自由に出歩ける日が戻ったら、この人の創るものを観に行こう。本物を間近で目にして、リアルに感じたい。
そう思えるアーティストが同時代にいることは幸せだ。
たとえばそれは、今年第70回芸術選奨「美術」の部で文部科学大臣賞を享けた、イケムラレイコである。
彼女のアートと直に触れ合えるその日を楽しみに、いまは彼女の言葉に耳を傾けたい。
中世的な魂のあり方が気になっている
イケムラレイコは1970年代、若くしてスペインへ渡り、そのまま拠点を欧州に置いて創作を続けてきた。油彩、水彩、彫刻、版画、写真、詩までと手がけるジャンルはとことん広く、扱うモチーフも動物の姿や少女像、黄泉の国を描いたような風景画と多岐にわたる。
芸術選奨の選出理由では、「生命の循環、時間や死を克服して世界とつながる」ような世界観を提示していることが挙げられていた。たしかにイケムラ作品からはいつも、無意識の集合体や時代の意識、また次代の気配といった壮大な何かが漂う。
このスケールの大きさはいったいどこからくるのか。不思議に思い本人にぶつけてみると、
「それは自分がどこに立っているのか、何を見据えるかに関わってくるんじゃないでしょうか?」
という。すなわち、彼女は足元ばかり見つめているわけじゃない。自身が属する現代アートの世界で何とか作品をものにしよう、といった発想をしていないようなのだ。
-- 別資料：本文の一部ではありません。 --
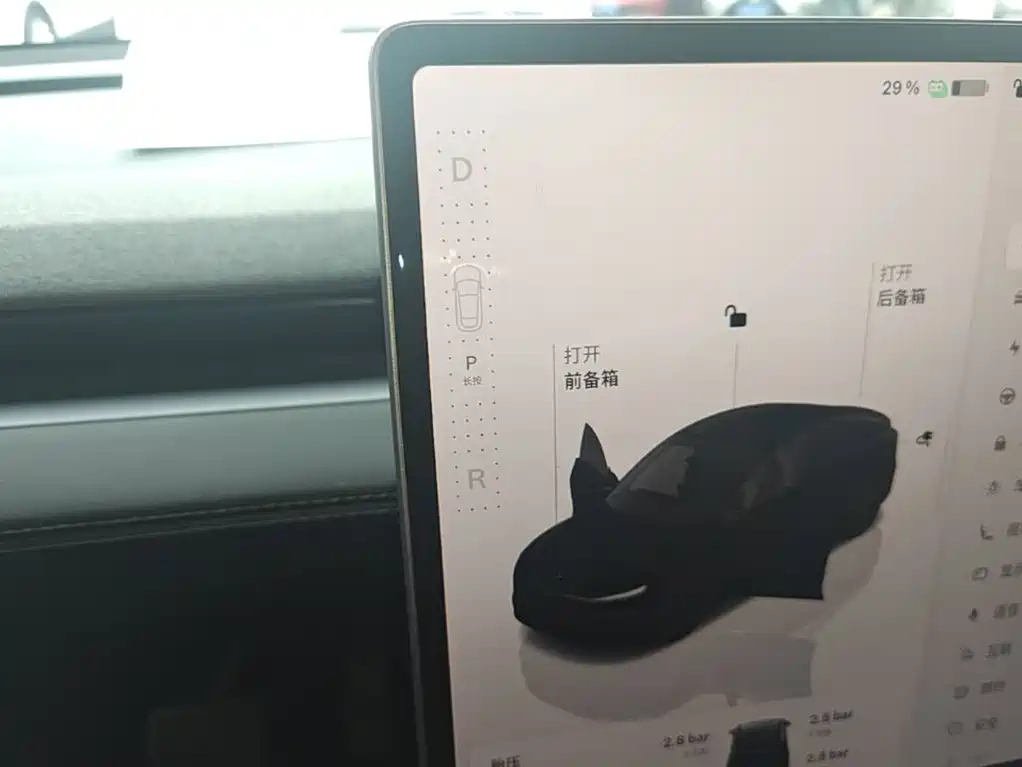 Tesla Model Y — миниатюра 14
「『現代アート』という括りで考えてしまうと、視野に入れる時間軸がどうしても短くなってしまいます。現代アートというジャンルの射程はせいぜい百年くらいですからね。私たちの夢とか心の奥底にあるものが、はたしてそれで十全に表現できるのかどうか。
私はもっと、少なくとも数千年単位で、創造というものを考えたい。考古学的な時間軸でものごとを見たいんです。そうやって眺め渡してみるに、私の好みは、人間の意識的な行動を尊ぶルネサンス以降よりも、それ以前の中世的な魂のあり方にあると気づきました。すべてが細かく分けられていく前の、あらゆるものが大きな流れの中に溶け合っているようなカオスな状態にもっと浸りたいし、その様子を表現したいんですよ」
そうか、イケムラ作品を前にすると訪れる、遠い世界を間近で覗き見ているような不思議な感覚。あれはイケムラ自身の独特な時間の捉え方によるものだった。